Segment Start: Data for this exercise

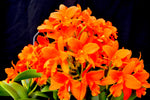 Rhyncattleanthe Young-Min Orange– Floriferous! - Orchid Design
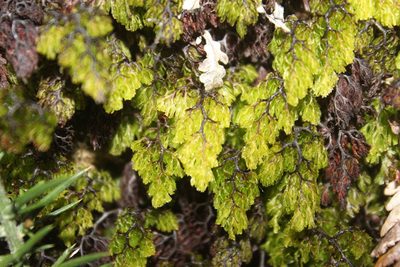 Hymenophyllum multifidum, photographed by Joe Dillon
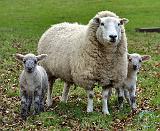 Sheep 9R12D-35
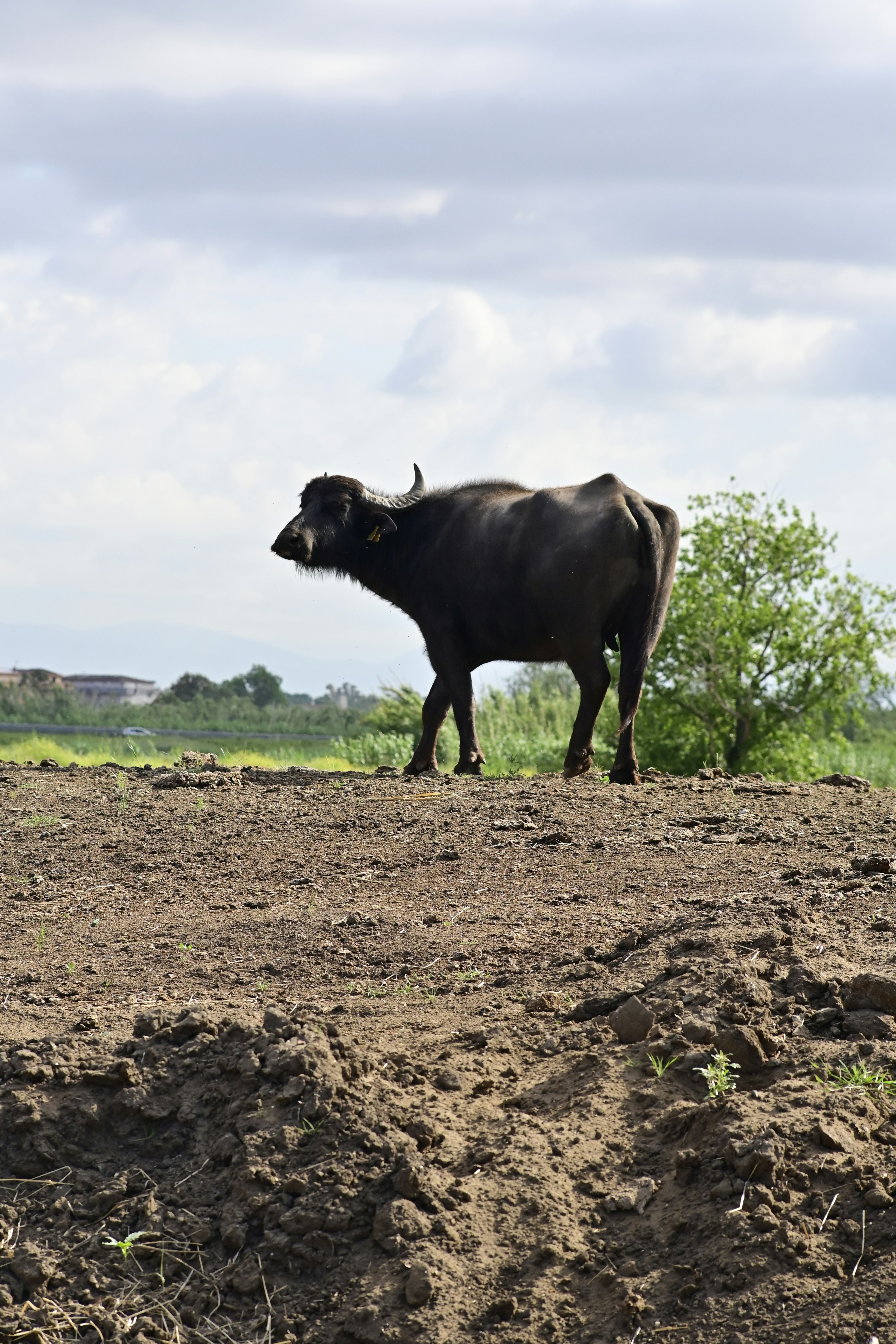 A buffalo walks on a barren landscape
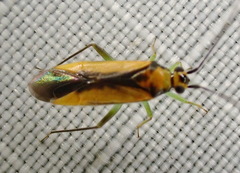 Orthotylus submarginatus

Segment End: Data for this exercise

What is required | Only the lines from the one with "Hymenophyllum multifidum, photographed" through the final line of the data should be written out, exactly and including both ends. Skip the pictures.

Response |
 Hymenophyllum multifidum, photographed by Joe Dillon
 Sheep 9R12D-35
 A buffalo walks on a barren landscape
 Orthotylus submarginatus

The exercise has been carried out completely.